Data for this task:
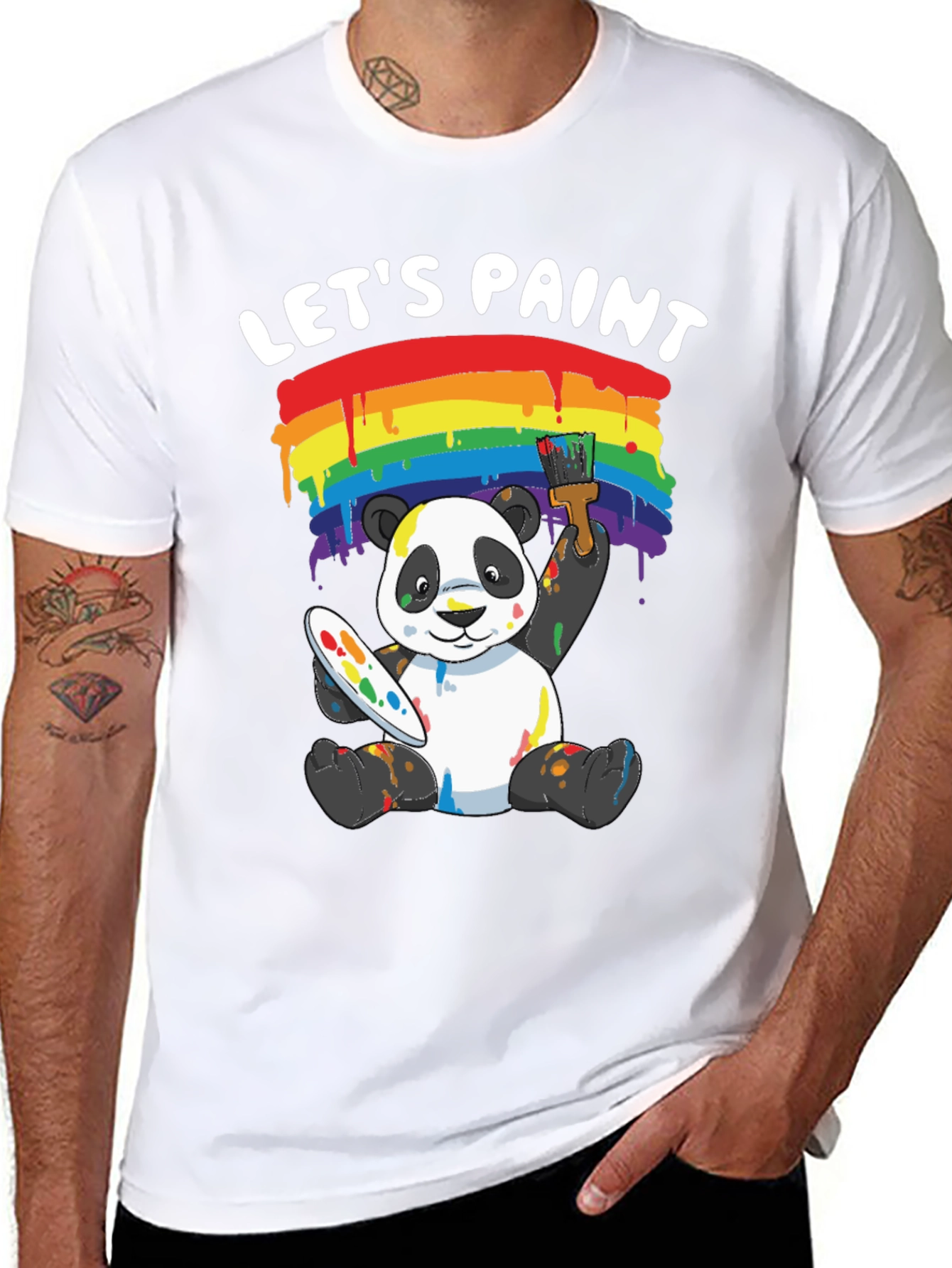 Lets Paint Panda T-Shirt - Rainbow Art Tee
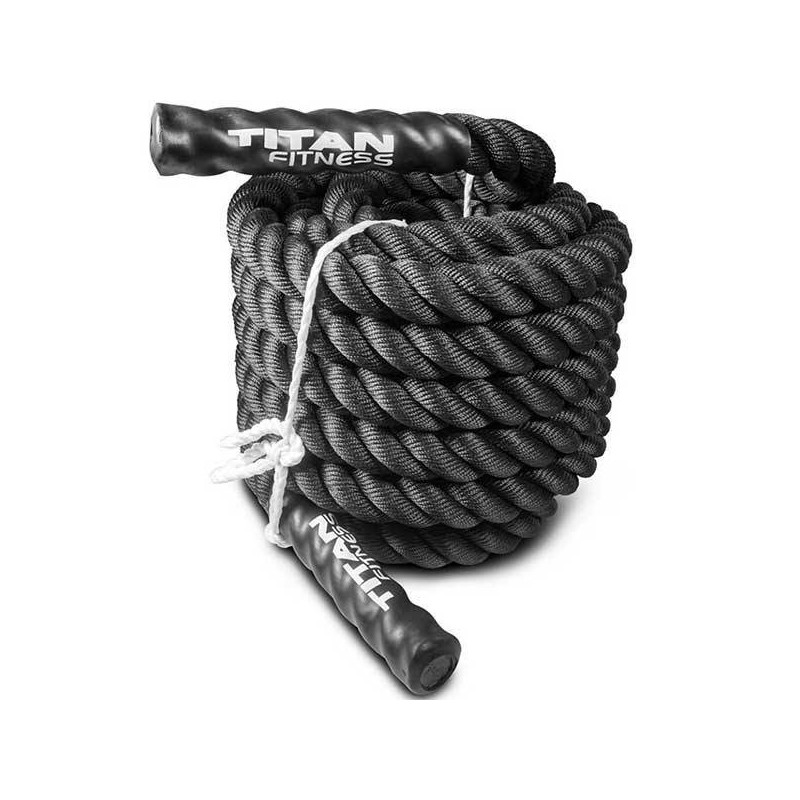 40' x 2" Battle Rope Black Poly Dacron
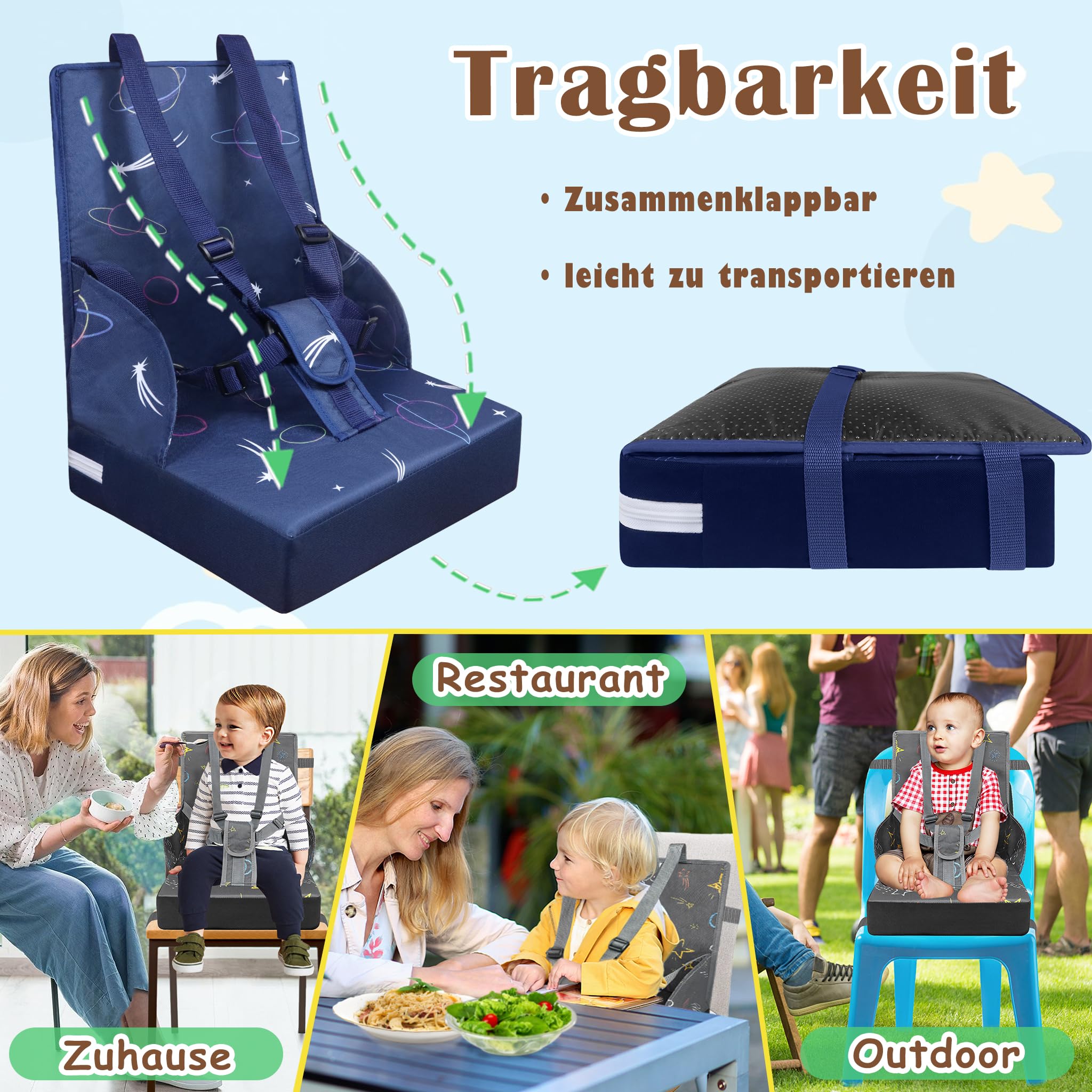 NAIZY Seggiolone rialzo per bambini, con schienale pieghevole e cintura di sicurezza a tre punti, spugne per rialzo della sedia, colore blu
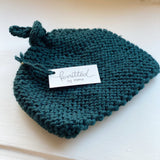 Knitted by Nana Top Knot Beanie - Amazon Green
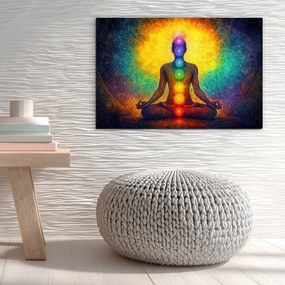 DUBLEZ | Fából készült meditációs kép - Jóga és csakrák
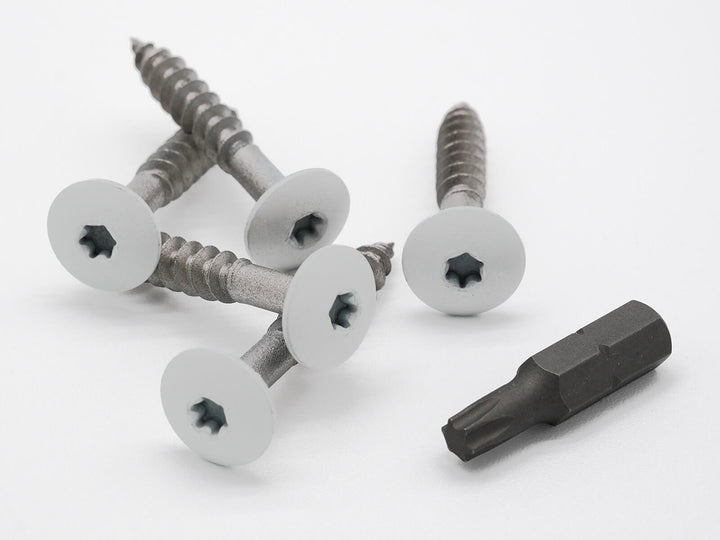 HPL Schraube Verkehrsweiß RAL 9016 mit dem im Lieferfang inkludiertem Bit Torx T20W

What the task asks: Leaving the pictures aside, write out the entries above exactly.

Exercise output:
 Lets Paint Panda T-Shirt - Rainbow Art Tee
 40' x 2" Battle Rope Black Poly Dacron
 NAIZY Seggiolone rialzo per bambini, con schienale pieghevole e cintura di sicurezza a tre punti, spugne per rialzo della sedia, colore blu
 Knitted by Nana Top Knot Beanie - Amazon Green
 DUBLEZ | Fából készült meditációs kép - Jóga és csakrák
 HPL Schraube Verkehrsweiß RAL 9016 mit dem im Lieferfang inkludiertem Bit Torx T20W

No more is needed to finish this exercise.